In his first video, a telegenic narrator in a lab coat swirls a flask as electronic music plays in the background. Created by science and film students at the University of California, San Diego, the video shows a typical recrystallization experiment straight out of Chemistry 101.

The six-minute epic complete with bloopers got 1,205 views on Google Inc.'s YouTube, but the number increased fourfold when the video was posted to SciVee, one of a number of online video-sharing start-ups designed to let scientists broadcast themselves toiling in the laboratory or delivering lectures.

Fans of the niche sites say they help the lay public - and students - understand the scientific process, allow researchers to duplicate one another's results, and may help discourage fraud.

"Anyone in an organic-chemistry class anywhere can now perform this experiment by watching the video. There are so many details that it's hard to describe in a lab manual," said Weizman, a lecturer at UC San Diego. He went on to produce five more lab-training videos.

Researchers who are uploading their experiments and lectures online are discovering filmmaking is more art than science. If the narrators are boring or the image is shaky, viewers will quickly learn to click elsewhere.
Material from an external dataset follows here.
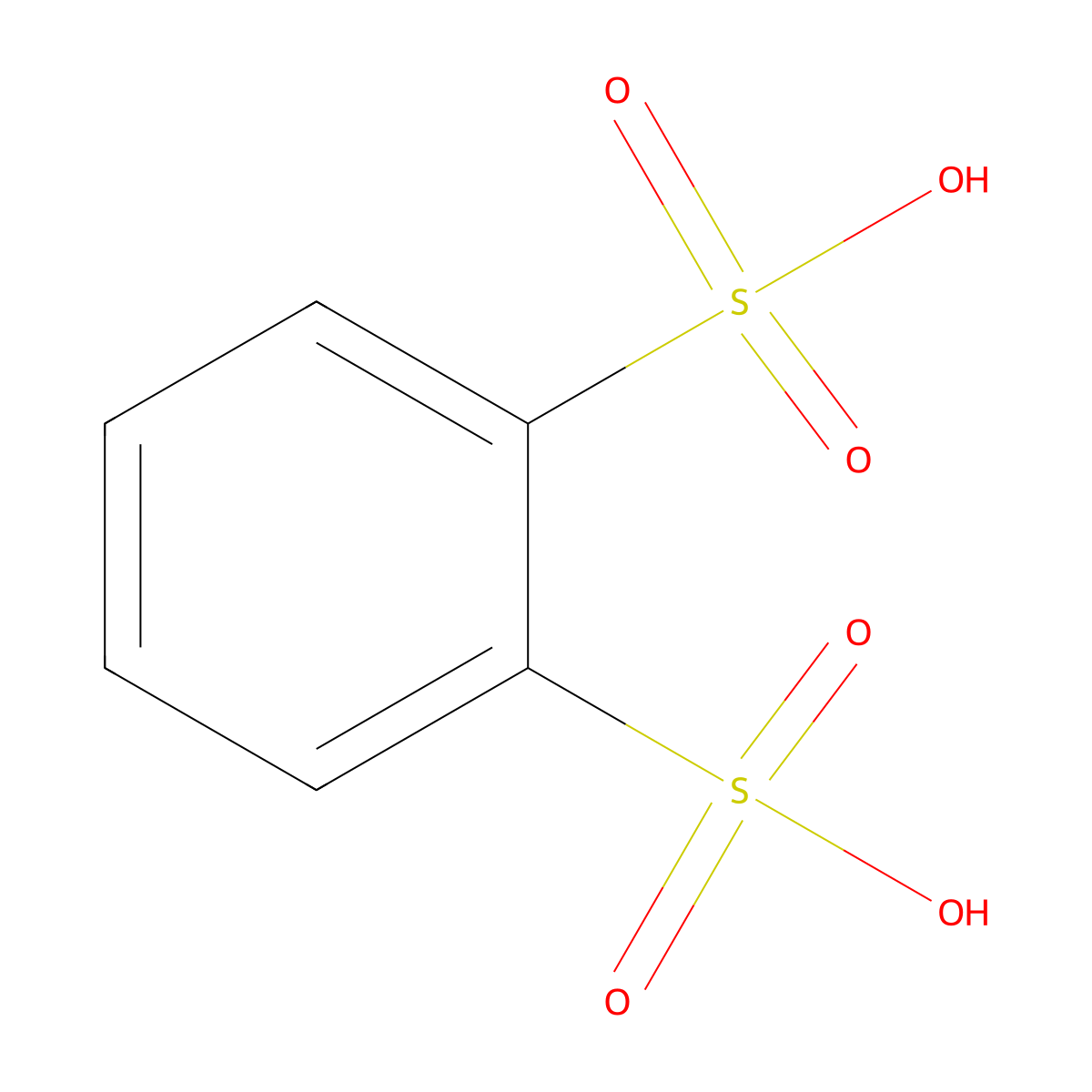 1,2-Benzenedisulfonic acid molecular structure, CAS 30496-93-6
Funded by the National Science Foundation, SciVee encourages scholars with a paper hot off the press to make a short video called a "pubcast" highlighting key points. It also accepts unsolicited submissions.
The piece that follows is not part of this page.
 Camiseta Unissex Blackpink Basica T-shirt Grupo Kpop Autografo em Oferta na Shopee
Phil Bourne, a pharmacologist at UC San Diego, launched SciVee this summer after seeing his students hooked on YouTube. Bourne wanted a reputable virtual place where researchers could trade techniques without the potpourri of topics found on general video-sharing sites. "It's quite a quantum leap for scientists to present their research in this way," Bourne said.

The age-old practice of reporting scientific results in peer-reviewed journals or at scientific conferences isn't going away soon. "This is an area we're extremely interested in," said Stewart Wills, online editor of the journal Science, "but we're still in the embryonic stage."
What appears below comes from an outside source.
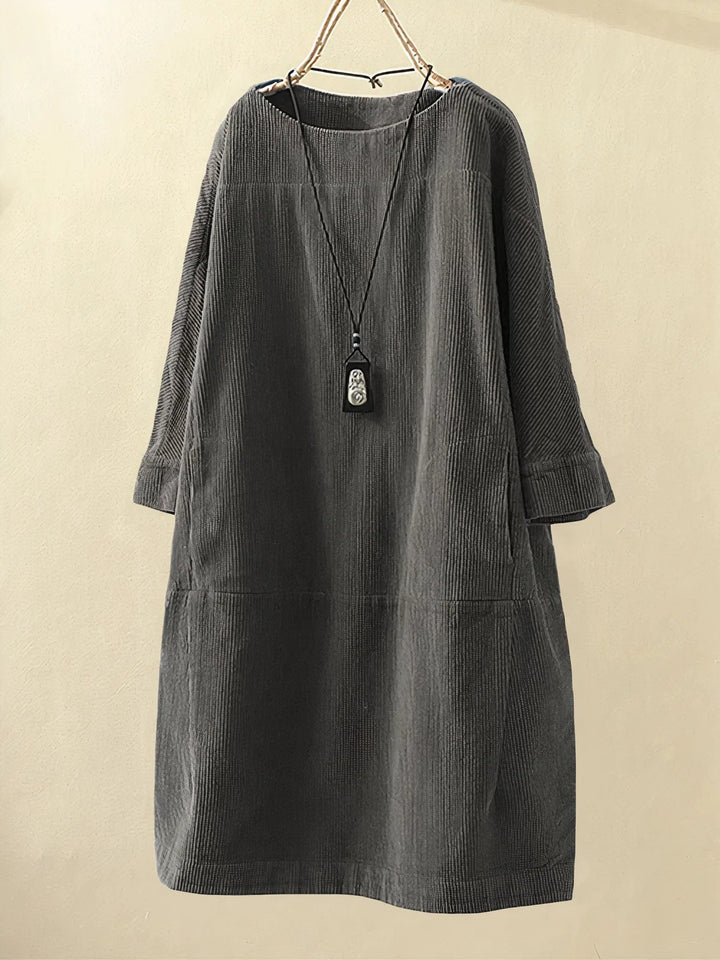 Zenviro - Comfortabele vintage corduroy tuniek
One of the start-up sites - called JoVE, short for the Journal of Visualized Experiments - is the digital mirror to traditional scientific journals, however.

Created last year by a former Harvard postdoctoral student with help from an angel investor, the site has stringent publication rules. On the recommendation of its editorial panel, it dispatches professional videographers to labs doing interesting work. Their footage is edited and approved by the researchers before being posted.

JoVE editor in chief Moshe Pritsker said the Web site grew out of "personal pain." For most of his academic career, he was flustered by what he called the "black hole" of science: Despite attempts by well-intentioned scientists to explain their experiments on paper, some procedures were so complex to mimic that a person must physically explain them.

Pritsker said he once flew to Scotland for a week when he was a doctoral student just to see how a research group performed an embryonic stem-cell technique. He could not help but wonder if there were an easier way. "We need to show our experiments, and

show

, in our [day and] age, means video," Pritsker said.

The popularity of JoVE inspired Siddharth Singh, a computer-science graduate student in India, to start a site in March called LabAction, which focuses on sharing biological techniques. Another site, called DnaTube, was launched in January by Nazir Okur, a molecular-genetics graduate student at the University of Illinois who encourages scientists to upload videos of their studies, lectures and seminars.